Find your dialogue info dumps
How can you tell if you’re dumping in dialogue? Here are a couple tips:
- If one character is sharing something with another character who should already know this—that might be an info dump
- If you’re really trying to talk to the reader with the dialogue—that might be an info dump
- If it’s more than a sentence or two of backstory—that might be an info dump
- If it doesn’t have anything to do with what’s going on in the present scene—that’s an info dump.
Fix those info dumps!
Here are a couple made-up instances of “info dumpy” dialogue. How would you fix them?

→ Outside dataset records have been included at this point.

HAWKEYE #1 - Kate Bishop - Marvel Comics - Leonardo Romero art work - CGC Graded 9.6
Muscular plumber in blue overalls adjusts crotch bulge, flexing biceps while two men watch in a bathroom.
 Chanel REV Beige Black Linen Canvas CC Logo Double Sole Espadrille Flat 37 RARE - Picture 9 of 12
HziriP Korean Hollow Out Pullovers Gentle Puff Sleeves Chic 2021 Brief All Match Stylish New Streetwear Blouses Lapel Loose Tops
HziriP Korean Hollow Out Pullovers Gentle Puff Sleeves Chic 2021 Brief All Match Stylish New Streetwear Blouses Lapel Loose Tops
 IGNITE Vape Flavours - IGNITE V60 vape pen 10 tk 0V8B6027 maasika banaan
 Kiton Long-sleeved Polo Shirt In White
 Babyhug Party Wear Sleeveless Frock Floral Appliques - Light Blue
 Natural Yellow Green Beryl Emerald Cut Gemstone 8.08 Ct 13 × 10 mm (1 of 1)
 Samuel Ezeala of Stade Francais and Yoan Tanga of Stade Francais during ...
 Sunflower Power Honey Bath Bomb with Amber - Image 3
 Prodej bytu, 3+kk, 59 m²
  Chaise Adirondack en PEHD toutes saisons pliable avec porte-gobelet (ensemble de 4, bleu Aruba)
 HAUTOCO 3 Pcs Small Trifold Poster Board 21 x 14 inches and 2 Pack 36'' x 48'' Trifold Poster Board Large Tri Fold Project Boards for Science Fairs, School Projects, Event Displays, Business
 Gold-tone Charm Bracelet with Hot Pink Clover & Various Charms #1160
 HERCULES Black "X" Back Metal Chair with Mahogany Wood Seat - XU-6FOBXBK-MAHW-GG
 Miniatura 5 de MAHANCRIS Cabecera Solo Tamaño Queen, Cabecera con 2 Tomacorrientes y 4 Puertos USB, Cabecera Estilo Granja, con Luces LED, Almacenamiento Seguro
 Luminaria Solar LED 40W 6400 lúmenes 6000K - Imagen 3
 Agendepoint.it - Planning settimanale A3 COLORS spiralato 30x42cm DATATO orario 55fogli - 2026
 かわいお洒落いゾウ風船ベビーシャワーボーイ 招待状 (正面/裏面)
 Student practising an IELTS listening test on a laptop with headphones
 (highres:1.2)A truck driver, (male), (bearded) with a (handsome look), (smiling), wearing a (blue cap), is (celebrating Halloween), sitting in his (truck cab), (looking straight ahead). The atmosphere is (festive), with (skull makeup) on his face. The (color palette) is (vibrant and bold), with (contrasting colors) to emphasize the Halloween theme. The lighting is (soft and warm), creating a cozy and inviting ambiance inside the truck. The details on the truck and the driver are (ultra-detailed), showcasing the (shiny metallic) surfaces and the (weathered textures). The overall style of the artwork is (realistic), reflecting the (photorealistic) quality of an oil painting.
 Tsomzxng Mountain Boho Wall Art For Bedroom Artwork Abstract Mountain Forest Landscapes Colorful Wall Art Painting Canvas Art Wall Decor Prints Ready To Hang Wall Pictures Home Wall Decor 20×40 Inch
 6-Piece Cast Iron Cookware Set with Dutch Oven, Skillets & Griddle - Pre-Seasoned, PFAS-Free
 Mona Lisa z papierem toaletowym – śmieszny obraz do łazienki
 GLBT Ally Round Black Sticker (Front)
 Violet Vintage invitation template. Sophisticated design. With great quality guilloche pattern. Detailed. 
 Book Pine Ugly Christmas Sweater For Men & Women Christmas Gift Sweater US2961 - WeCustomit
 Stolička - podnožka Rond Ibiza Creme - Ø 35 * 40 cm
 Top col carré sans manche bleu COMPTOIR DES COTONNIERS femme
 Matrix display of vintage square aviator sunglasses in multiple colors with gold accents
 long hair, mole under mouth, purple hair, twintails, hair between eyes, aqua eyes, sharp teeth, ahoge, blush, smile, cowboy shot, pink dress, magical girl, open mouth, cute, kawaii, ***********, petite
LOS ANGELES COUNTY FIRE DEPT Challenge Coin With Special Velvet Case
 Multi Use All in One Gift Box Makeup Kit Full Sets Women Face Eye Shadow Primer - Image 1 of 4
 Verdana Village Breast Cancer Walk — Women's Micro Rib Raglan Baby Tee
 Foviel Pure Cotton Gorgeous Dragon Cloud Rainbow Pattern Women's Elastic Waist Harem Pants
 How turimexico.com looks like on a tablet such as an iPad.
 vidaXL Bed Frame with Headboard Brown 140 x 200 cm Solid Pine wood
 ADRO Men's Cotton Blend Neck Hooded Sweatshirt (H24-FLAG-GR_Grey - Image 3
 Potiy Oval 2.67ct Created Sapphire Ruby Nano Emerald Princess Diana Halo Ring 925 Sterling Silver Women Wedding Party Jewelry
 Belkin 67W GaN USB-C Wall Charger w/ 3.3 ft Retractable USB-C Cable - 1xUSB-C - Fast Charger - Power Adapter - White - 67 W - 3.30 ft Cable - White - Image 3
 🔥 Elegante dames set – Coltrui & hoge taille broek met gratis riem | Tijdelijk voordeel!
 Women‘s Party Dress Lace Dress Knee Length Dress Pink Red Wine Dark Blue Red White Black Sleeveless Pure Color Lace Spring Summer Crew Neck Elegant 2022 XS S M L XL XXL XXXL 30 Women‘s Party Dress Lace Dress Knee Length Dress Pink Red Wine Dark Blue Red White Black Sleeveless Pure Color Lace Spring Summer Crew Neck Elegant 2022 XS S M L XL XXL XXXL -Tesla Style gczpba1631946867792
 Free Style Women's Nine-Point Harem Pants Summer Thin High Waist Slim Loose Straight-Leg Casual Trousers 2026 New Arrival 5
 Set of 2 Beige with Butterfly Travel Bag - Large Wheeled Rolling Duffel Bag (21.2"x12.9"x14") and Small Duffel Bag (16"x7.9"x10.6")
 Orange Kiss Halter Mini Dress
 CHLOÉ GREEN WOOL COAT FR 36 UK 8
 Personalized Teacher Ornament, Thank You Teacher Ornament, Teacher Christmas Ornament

“As you know, my darling, we’ve been married for seven years, and our two children, Tina and Tommy, are almost perfect angels.”
“Yes, my love, and we’ve lived in this same house for three years, but we’re thinking about moving.”
“That’s the reactor or coil. It’s a a passive two-terminal electrical component which resists changes in electric current passing through it. It consists of a conductor such as a wire, usually wound into a coil. When a current flows through it, energy is stored in a magnetic field in the coil. When the current flowing through an inductor changes, the time-varying magnetic field induces a voltage in the conductor, according to Faraday’s law of electromagnetic induction, which by Lenz’s law opposes the change in current that created it.”
“Do you remember Jimmy? The guy from high school who was virtually president of the A/V club, but then went on to make it big in the dot-com boom? He managed to get out before the bubble burst, and he’s still living large in Silicon Valley. I heard he actually sold Page & Brin the name for Google. It was originally called Backrub, of course.”
“Look, I know you’re going through a hard time with your breakup, but I just need to tell you this right this minute: when I was seven, I had this puppy, and he got lost and we looked everywhere for him . . . [ten pages later] . . . and that’s why I don’t like cheese.”